The free open-source Tesseract OCR 4.0 for Windows (beta, 64-bit), released 14th April 2018.

“The Mannheim University Library uses Tesseract to perform OCR of historical German newspapers. Normally we run Tesseract on Debian GNU Linux, but there was also the need for a Windows version. That’s why we have built a Tesseract installer for Windows.”

The Tesseract engine was apparently originally from Google, in use there at Google Books, but Google made it open source.

Tesseract 4.0 supports OCR in a range of old and ancient letterforms including German blackletter (aka Fraktur, in popular parlance ‘Gothic’), but these need to selectively enabled at install…

Once installed there are a few Windows GUI front-ends to choose from, with which to operate Tesseract. gImageReader is 64-bit Windows and current. On their forums I found a gImageReader beta version that is newly-compiled for Tesseract 4.0 beta. That needs to be launched in Windows Administrator mode, and then it also seems to require a Fraktur download, in order to handle OCR of German blackletter letterforms…

I’m assuming that gImageReader ‘knows’ where Tesseract 4.0 is, and hooks into it automatically. Because I didn’t need to set any file-paths to it, in gImageReader.

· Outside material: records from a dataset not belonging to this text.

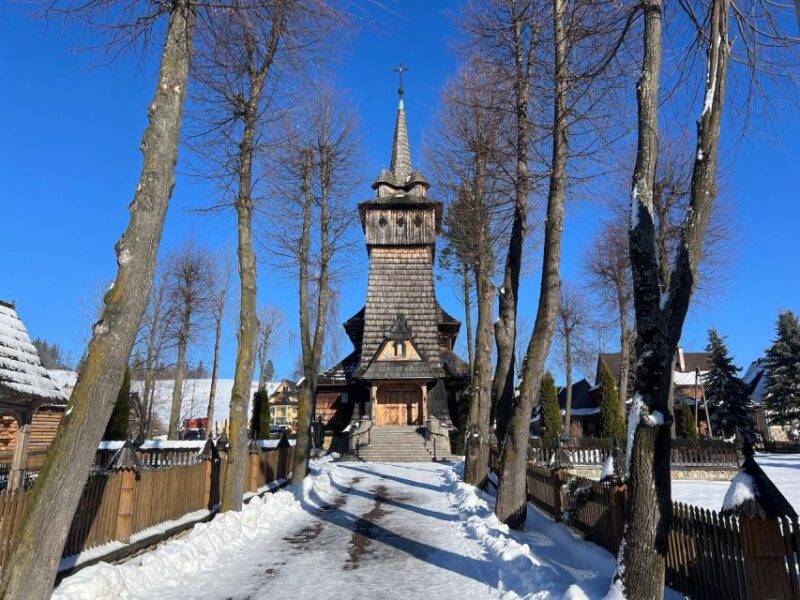 From Krakow: Private Trip Zakopane and Thermal Baths - Return Journey to Krakow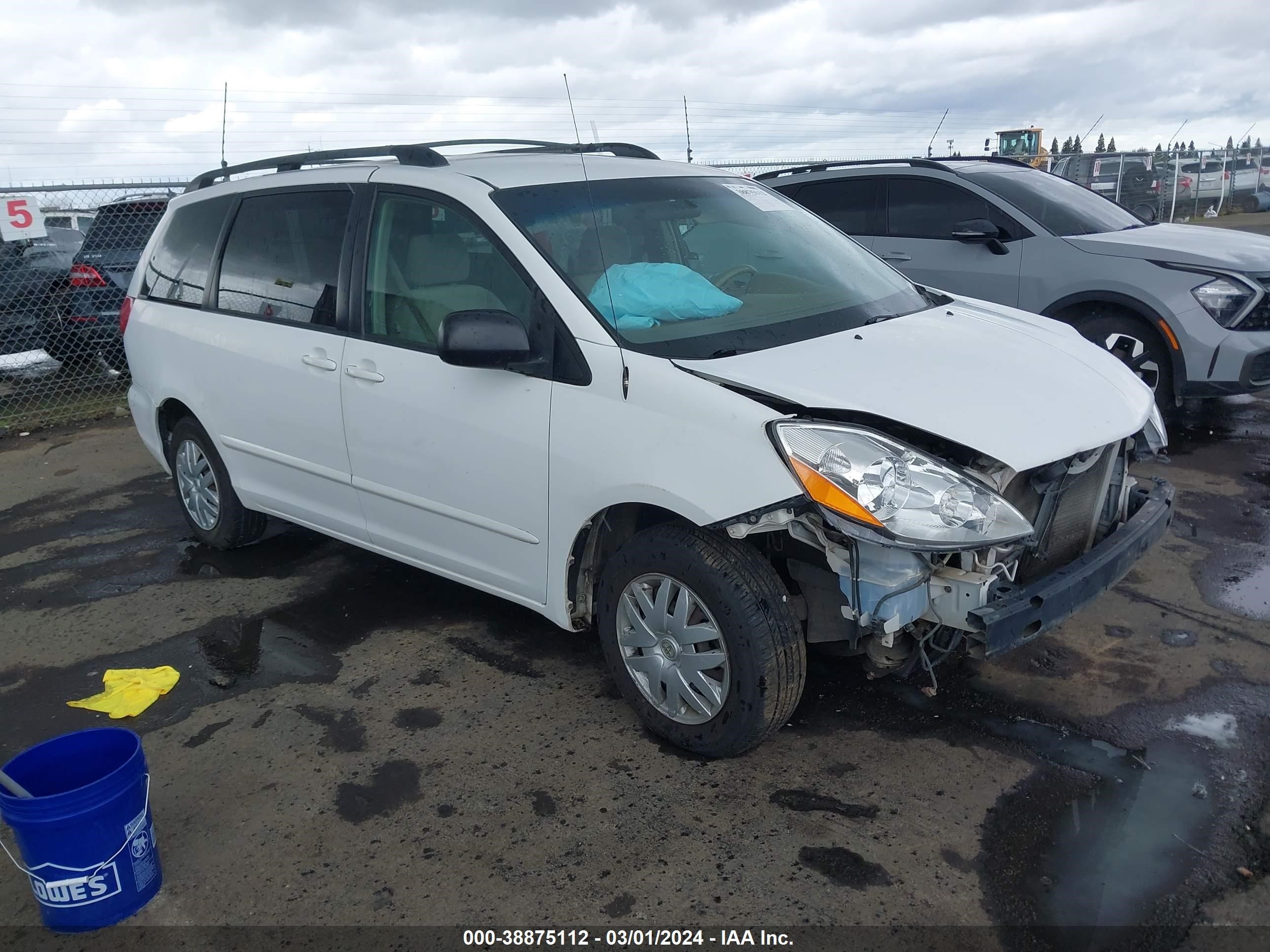 TOYOTA SIENNA 2006 5tdza23c36s551826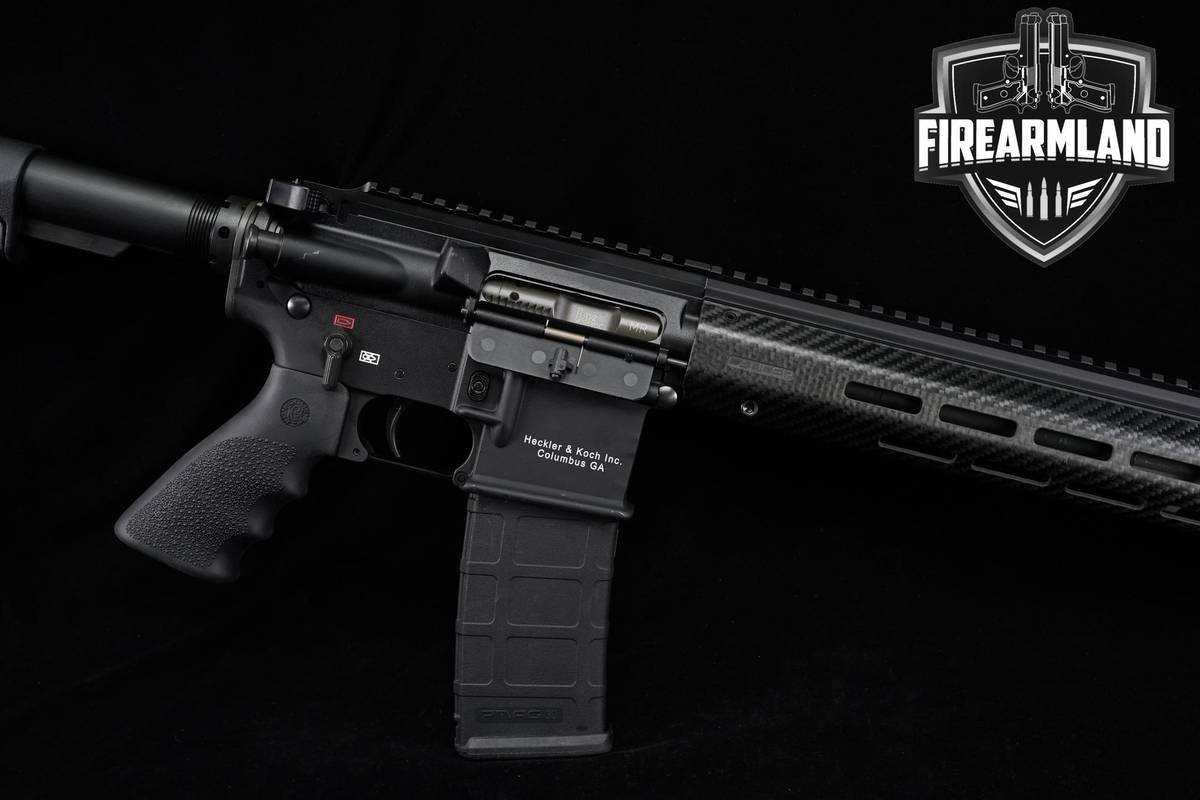 Heckler & Koch H&K HK MR556A1 5.56 NATO AR-15 AR15 16.5" 416 HK416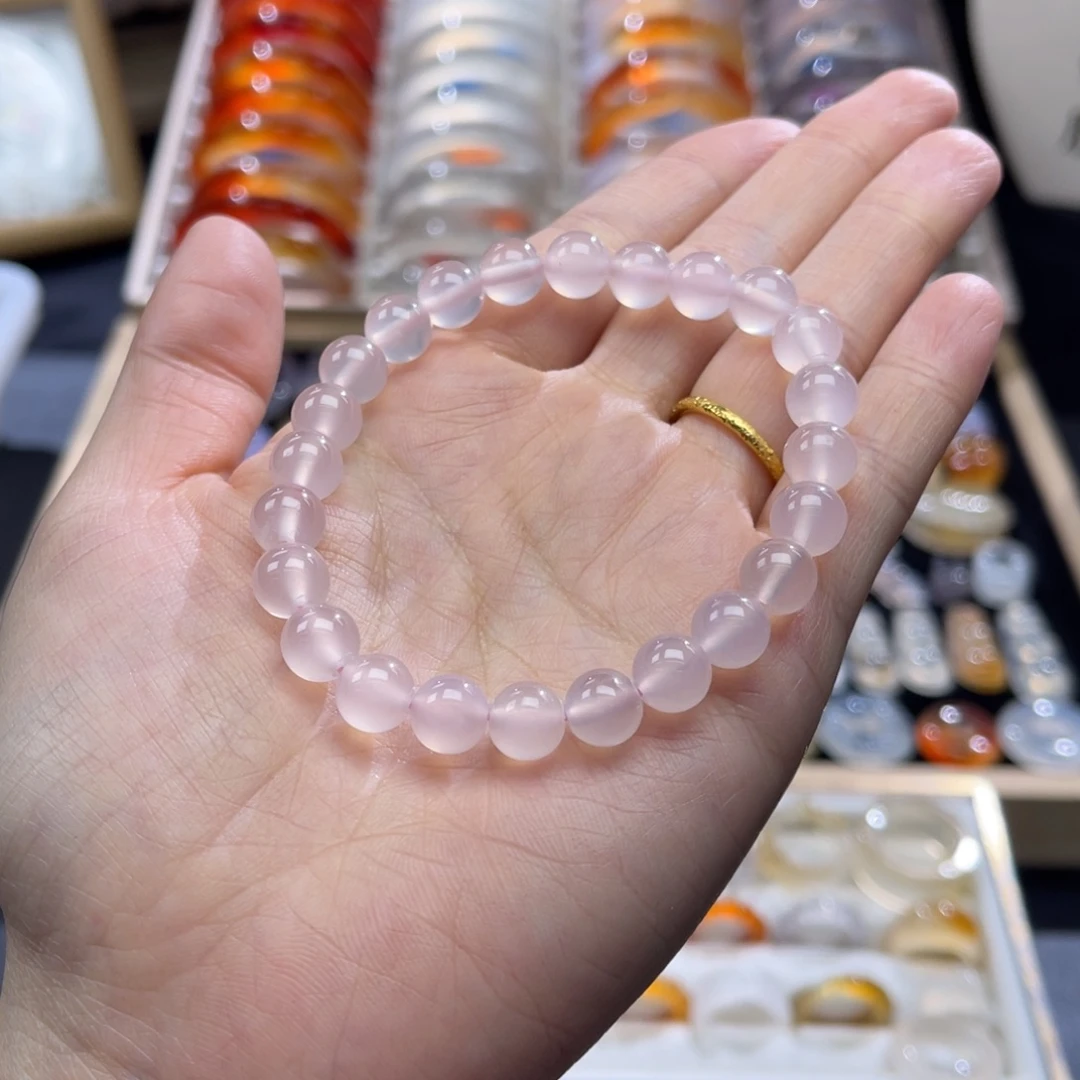 玛瑙/玉髓未镶嵌手链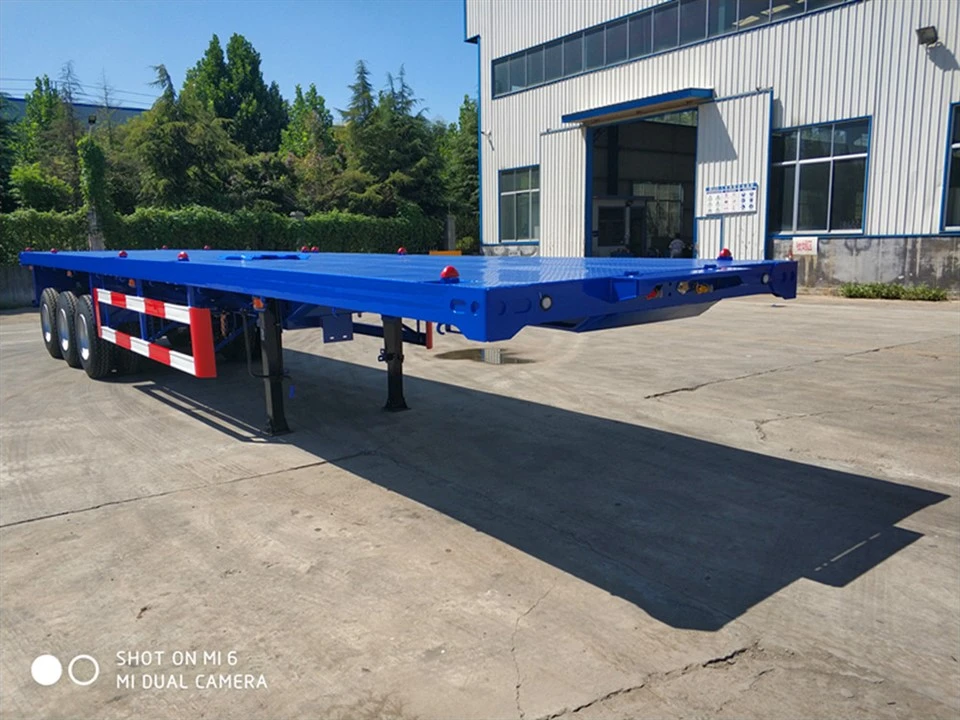 Remorque de camion à plateau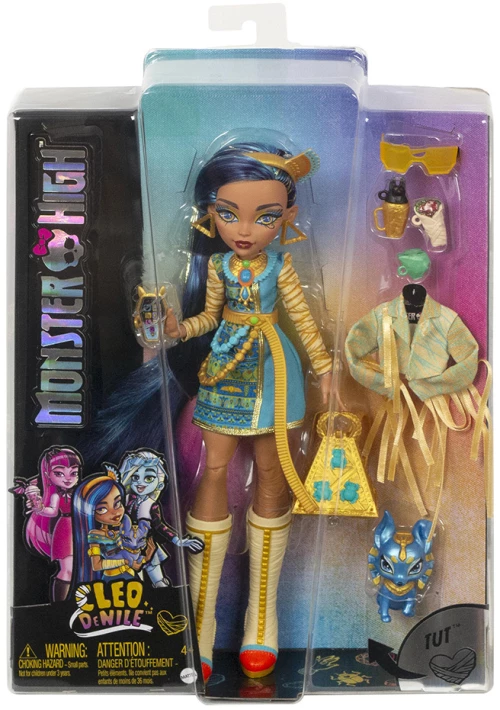 MONSTER HIGH ΚΟΥΚΛΑ CLEO (#HHK54)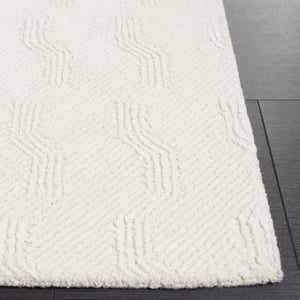 Safavieh Glamour 402 GLM402 Hand Tufted  Rug Ivory GLM402A-8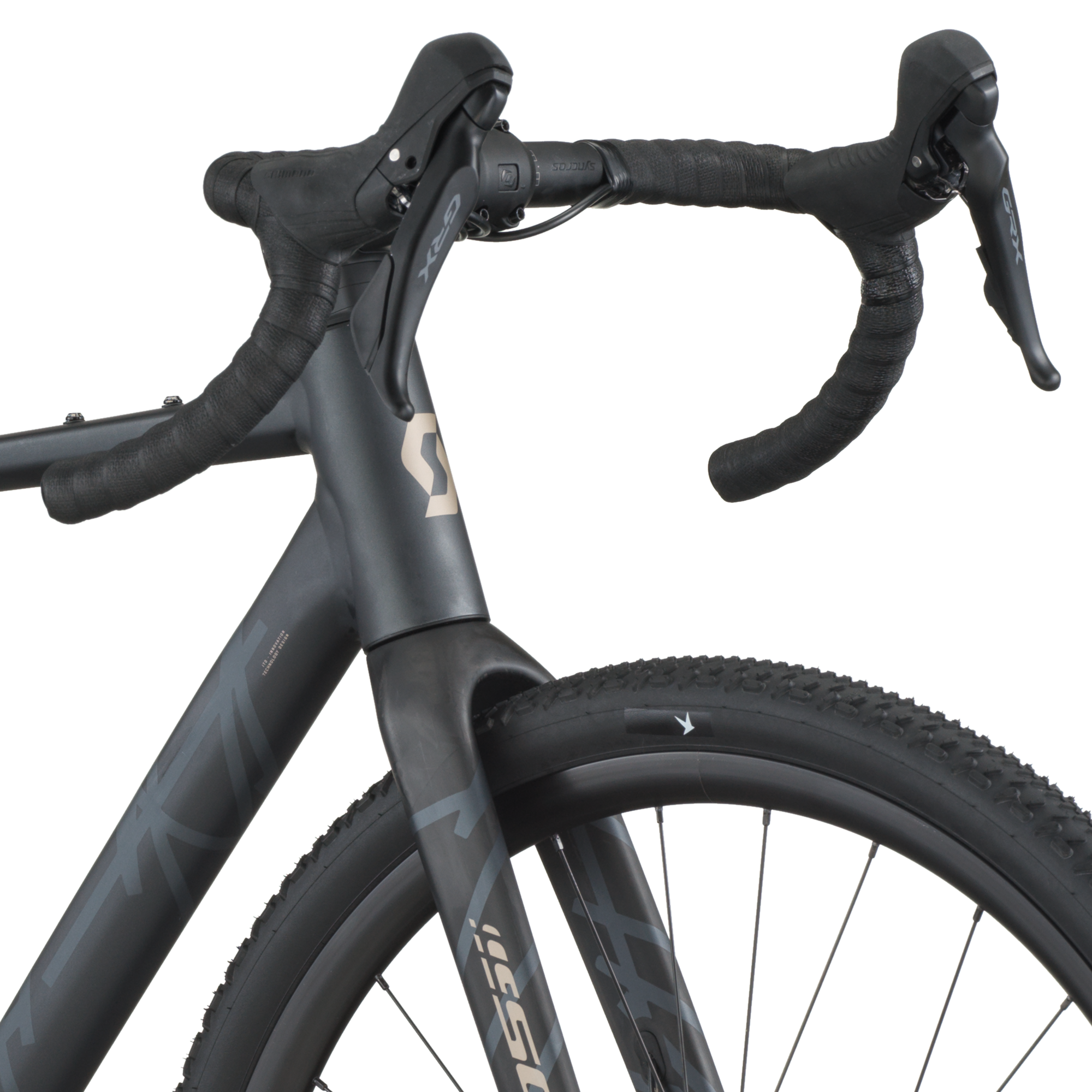 Scott Speedster Gravel 30 black (2026)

Once gImageReader is set up and the Frankur toggle/icon is switched, even when taking a screenshot the OCR results were pretty good…

It can also handle complete PDFs, and seems to go at about 15 pages per minute on a modern desktop PC. Nice to have, and (in combination with Google Translate) useful if your research takes you back to the German literature of pre-1938 — but you can’t read German and certainly not in blackletter.

There are probably online sign-up services that can do the same, these days, where you do a sluggish upload and have to deal with time-outs and usage-quotas etc. But I prefer the ease of having one’s own Windows desktop software.